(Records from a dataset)
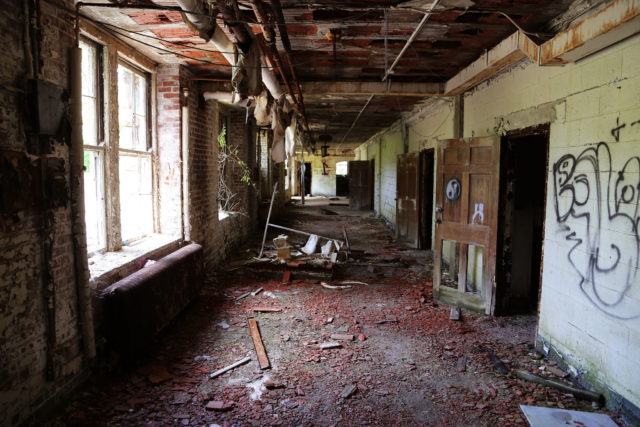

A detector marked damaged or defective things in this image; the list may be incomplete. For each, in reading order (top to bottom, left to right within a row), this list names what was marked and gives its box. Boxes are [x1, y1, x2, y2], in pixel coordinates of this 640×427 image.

broken window [79, 39, 105, 254]
broken window [118, 64, 153, 244]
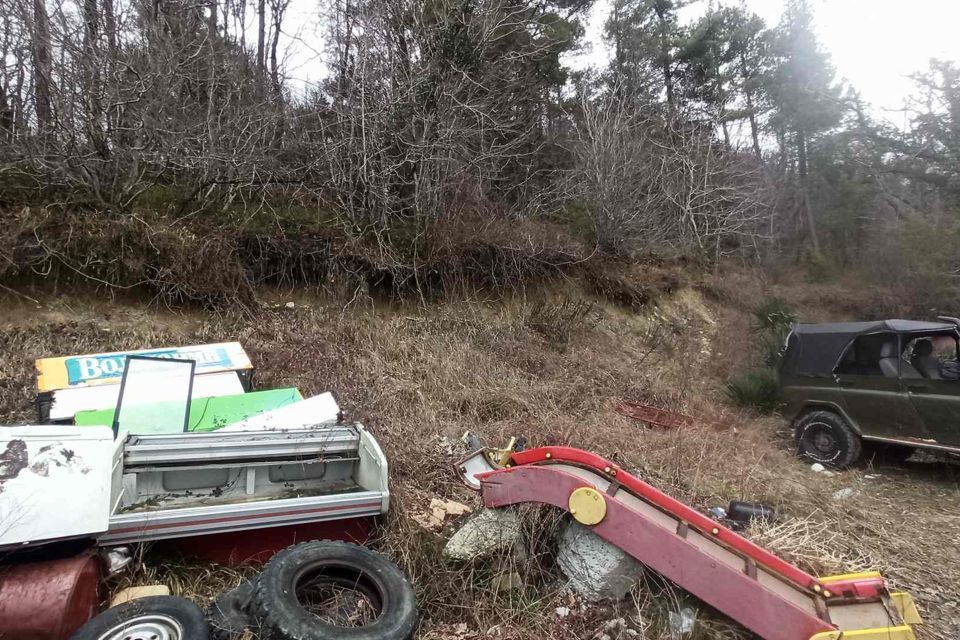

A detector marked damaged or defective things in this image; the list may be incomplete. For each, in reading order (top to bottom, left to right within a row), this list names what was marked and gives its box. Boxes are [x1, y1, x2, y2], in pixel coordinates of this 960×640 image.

broken red metal frame [480, 448, 892, 640]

# Task brief
Output the line containing "this 960×640 image." together with all later lines of the entries, exactly as written, through the final line.

# Answer for the task
A detector marked damaged or defective things in this image; the list may be incomplete. For each, in reading order (top to bottom, left to right within a row), this list names what was marked and gives its box. Boxes are [x1, y1, x2, y2], in pixel coordinates of this 960×640 image.

broken red metal frame [480, 448, 892, 640]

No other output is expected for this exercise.